To say Die Another Day puts the series back where it belongs is a huge understatement. As I said in an Ain't It Cool review during its theatrical release, Die Another Day is the best Bond film since Goldfinger, and arguably the first Bond film in decades that re-create the legend from the ground up, rather than relying on past glories to carry the audience through the complex bits. It's also the closest any Bond film has gotten to the novels. All of this translates into an example of the increasingly rare species known as the worthwhile Hollywood movie.
Brosnan, of course, is Bond, but in the first reel, both he and screenwriters Neal Purvis and Robert Wade show us what the series has never dared: A tortured, ruffled, and possibly beaten 007. This makes his inevitable ascendancy back to superhero status that much more believable, and even though the following plot is quite literally cobbled together from past Bond films, it hardly matters. We've seen Bond scared, and that makes all the difference.
The DVD is a typical orgy of extra features overkill. The "Special Edition" (are there plain editions?) is a two-disc monstrosity, featuring no fewer that three "making of" documentaries, among other (by now compulsory) odds and ends, including the music video for the cowflop of a title song Madonna concocted. There's also a Pop Up Video style extra that allows you to watch the film while bits of relevant information zip by. There's probably more info on this one movie than on the past twenty Takeishi Miike films combined, but at least you can skip what you don't want to watch.

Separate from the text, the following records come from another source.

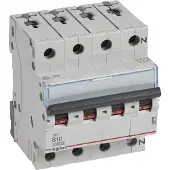 Legrand 404138 TX3 Leitungsschutzschalter B-Charakteristik, 10A, 3-polig+N, 10kA, 400VAC, 4TE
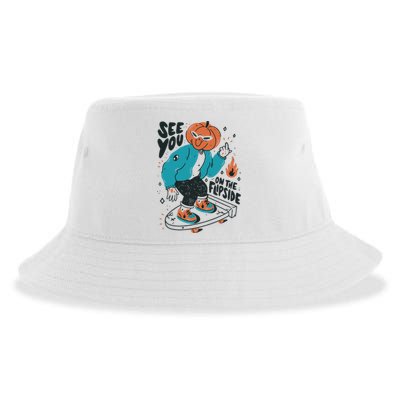 See You On The Flip Side Pumpkin Skateboard Halloween Sustainable Bucket Hat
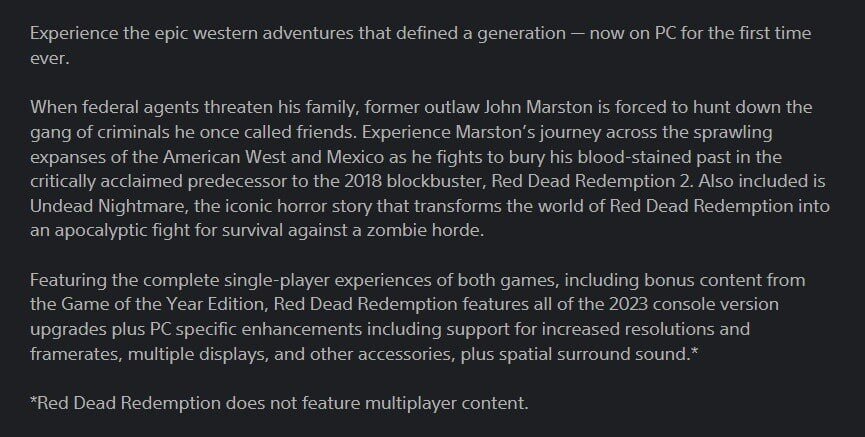 Источник: PS Store / Описание Red Dead Redemption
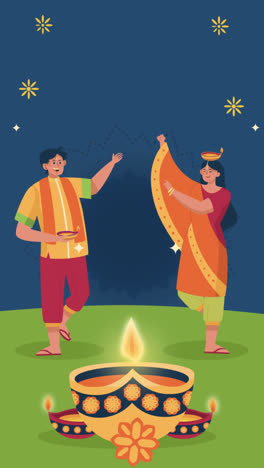 Una-Animación-De-Un-Fondo-Plano-Para-La-Celebración-Del-Festival-Hindú-De-Diwali.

Usually. For if there's one serious criticism to be leveled at this package, it's the fact that after you put the disc in the player, your machine is effectively hijacked for two or three minutes while MGM tries to sell you more DVDs. Nothing short of manually powering off the unit will make it stop. Nothing like paying to have more stuff sold to you. Great movie, but let's hope the forced advertisements are a short-lived quirk from a hard-up studio.